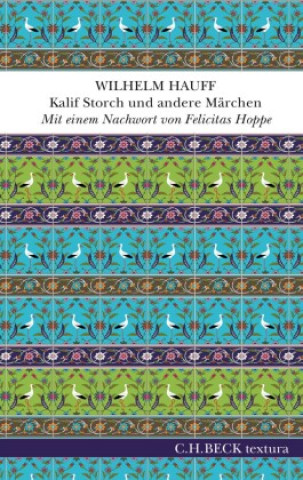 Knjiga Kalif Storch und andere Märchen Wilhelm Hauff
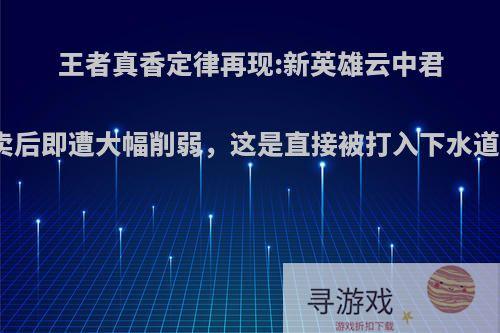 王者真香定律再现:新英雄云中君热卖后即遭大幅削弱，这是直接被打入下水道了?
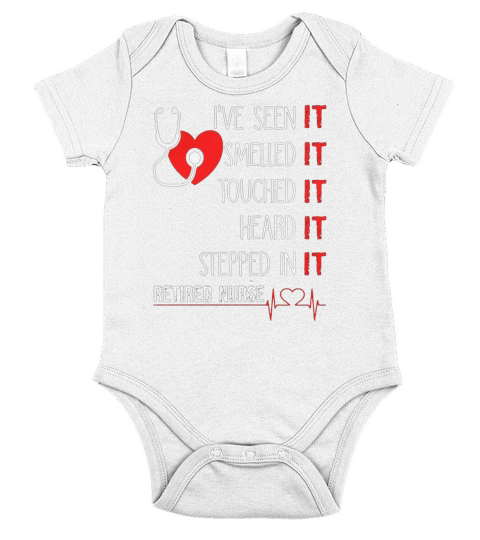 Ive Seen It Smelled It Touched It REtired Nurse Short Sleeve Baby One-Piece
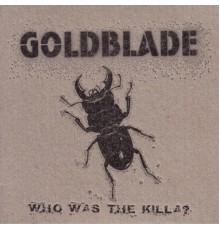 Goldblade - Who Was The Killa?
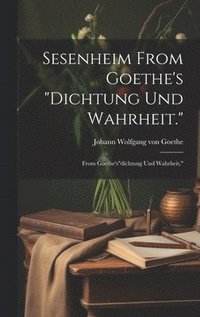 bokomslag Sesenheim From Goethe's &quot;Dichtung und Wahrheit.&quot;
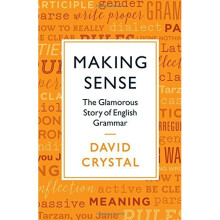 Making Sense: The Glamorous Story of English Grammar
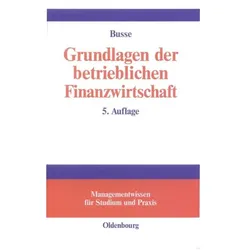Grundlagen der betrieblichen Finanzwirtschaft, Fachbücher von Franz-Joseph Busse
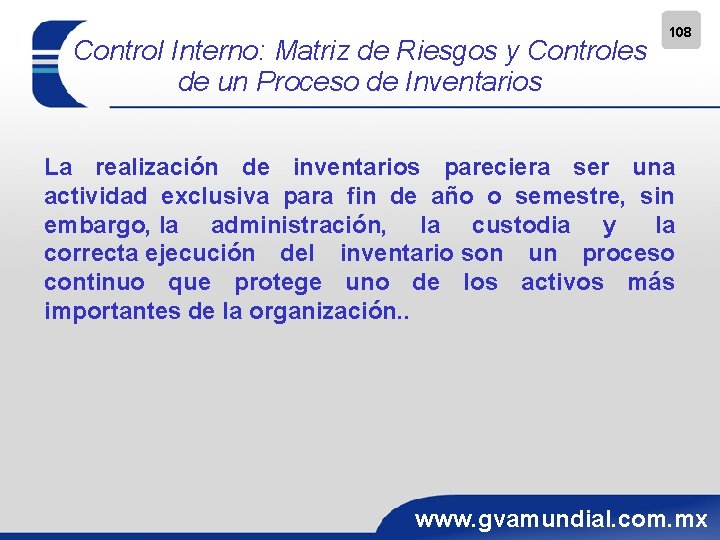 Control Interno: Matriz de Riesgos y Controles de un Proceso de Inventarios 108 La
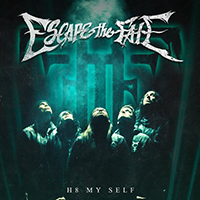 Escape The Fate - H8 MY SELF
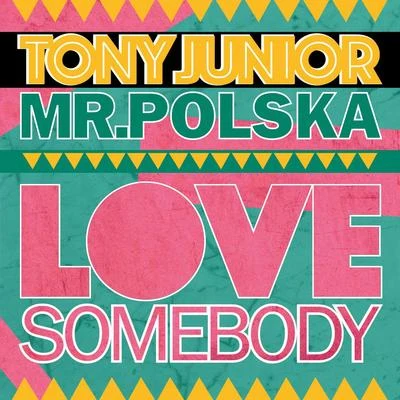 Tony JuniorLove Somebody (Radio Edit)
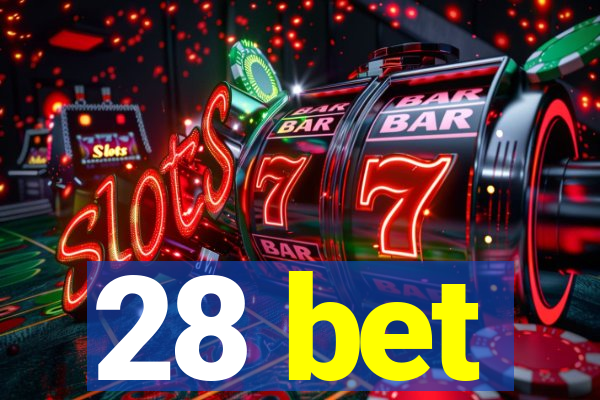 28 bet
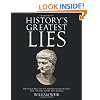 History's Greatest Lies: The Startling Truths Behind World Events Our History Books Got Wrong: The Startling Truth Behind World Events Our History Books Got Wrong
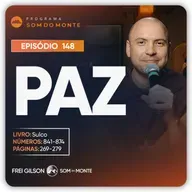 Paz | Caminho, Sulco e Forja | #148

────────────────────

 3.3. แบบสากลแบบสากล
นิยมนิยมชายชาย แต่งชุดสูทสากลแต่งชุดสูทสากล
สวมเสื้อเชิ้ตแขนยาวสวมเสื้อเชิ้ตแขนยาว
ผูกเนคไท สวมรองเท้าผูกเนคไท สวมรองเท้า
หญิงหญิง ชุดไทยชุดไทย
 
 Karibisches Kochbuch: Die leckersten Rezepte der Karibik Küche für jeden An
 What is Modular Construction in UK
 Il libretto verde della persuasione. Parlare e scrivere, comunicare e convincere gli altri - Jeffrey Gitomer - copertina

────────────────────

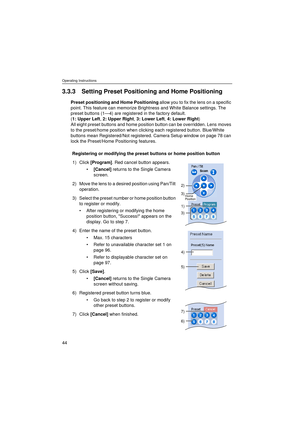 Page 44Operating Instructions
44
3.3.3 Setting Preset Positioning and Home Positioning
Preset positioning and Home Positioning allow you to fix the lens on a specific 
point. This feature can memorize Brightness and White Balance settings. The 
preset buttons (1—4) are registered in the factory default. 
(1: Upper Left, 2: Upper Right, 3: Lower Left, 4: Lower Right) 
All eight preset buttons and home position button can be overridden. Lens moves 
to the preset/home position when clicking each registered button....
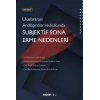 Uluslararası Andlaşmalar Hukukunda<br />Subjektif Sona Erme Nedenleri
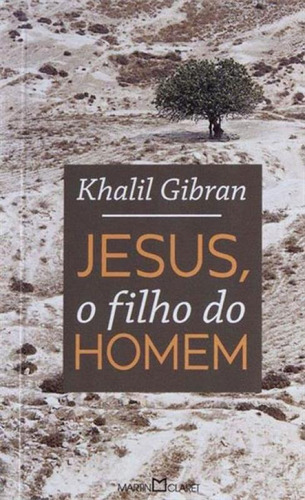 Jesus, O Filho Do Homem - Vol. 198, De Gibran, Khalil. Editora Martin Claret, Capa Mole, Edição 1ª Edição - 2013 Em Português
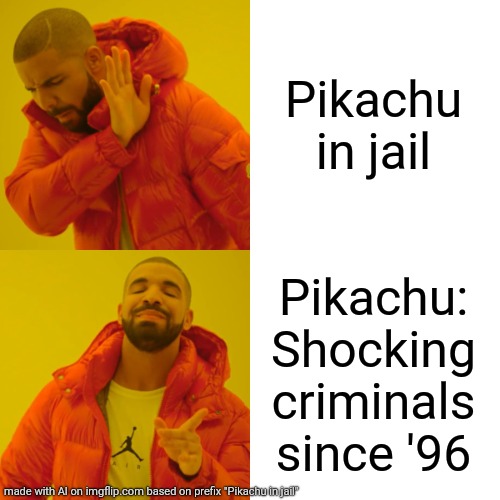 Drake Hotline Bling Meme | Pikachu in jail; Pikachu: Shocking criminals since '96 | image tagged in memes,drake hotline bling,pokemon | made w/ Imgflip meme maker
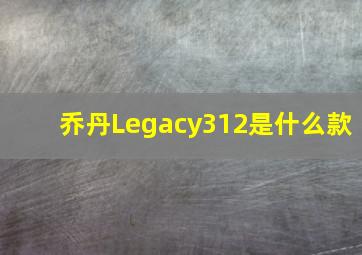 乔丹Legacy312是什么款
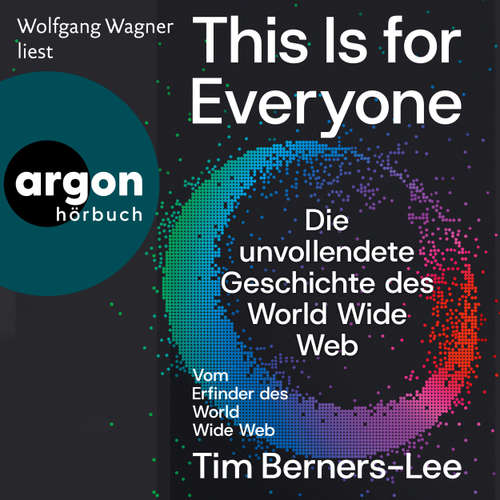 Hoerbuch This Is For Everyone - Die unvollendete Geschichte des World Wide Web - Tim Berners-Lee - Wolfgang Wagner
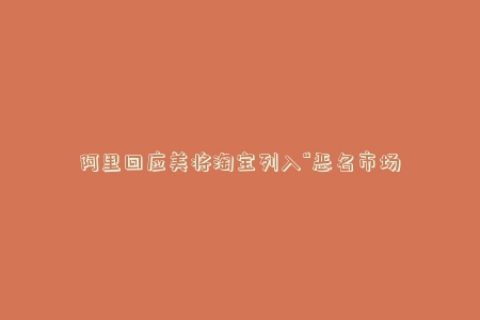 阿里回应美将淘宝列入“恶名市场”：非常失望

────────────────────

**Work request**
From the material above, output only the span of lines that starts at the one containing "Page 44Operating Instructions" and finishes at the one containing "preset buttons (1—4)", word for word and free of pictures.

**Written answer**
 Page 44Operating Instructions
44
3.3.3 Setting Preset Positioning and Home Positioning
Preset positioning and Home Positioning allow you to fix the lens on a specific 
point. This feature can memorize Brightness and White Balance settings. The 
preset buttons (1—4) are registered in the factory default. 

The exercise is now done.